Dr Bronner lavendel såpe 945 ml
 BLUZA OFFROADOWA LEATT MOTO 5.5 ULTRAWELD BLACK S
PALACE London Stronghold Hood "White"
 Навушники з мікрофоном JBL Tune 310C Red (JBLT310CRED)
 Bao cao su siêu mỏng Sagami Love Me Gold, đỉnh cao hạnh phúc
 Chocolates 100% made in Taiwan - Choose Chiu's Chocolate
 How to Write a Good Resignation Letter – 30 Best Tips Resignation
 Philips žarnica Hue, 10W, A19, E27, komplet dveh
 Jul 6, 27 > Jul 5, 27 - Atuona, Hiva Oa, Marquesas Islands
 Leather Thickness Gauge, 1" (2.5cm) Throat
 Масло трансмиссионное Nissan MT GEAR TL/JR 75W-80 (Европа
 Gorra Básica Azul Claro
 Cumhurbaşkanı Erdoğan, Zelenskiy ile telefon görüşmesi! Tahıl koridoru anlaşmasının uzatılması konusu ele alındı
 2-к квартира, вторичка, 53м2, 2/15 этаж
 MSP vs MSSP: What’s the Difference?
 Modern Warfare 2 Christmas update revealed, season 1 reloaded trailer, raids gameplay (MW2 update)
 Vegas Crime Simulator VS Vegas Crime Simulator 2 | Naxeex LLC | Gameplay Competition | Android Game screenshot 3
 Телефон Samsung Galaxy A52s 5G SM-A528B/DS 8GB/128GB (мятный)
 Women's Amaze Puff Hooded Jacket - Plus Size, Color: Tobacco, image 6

## WHAT IS REQUIRED
Each line from the one containing "Vegas Crime Simulator VS" to the end of the listing above should be copied exactly, and nothing else.

## SOLUTION
 Vegas Crime Simulator VS Vegas Crime Simulator 2 | Naxeex LLC | Gameplay Competition | Android Game screenshot 3
 Телефон Samsung Galaxy A52s 5G SM-A528B/DS 8GB/128GB (мятный)
 Women's Amaze Puff Hooded Jacket - Plus Size, Color: Tobacco, image 6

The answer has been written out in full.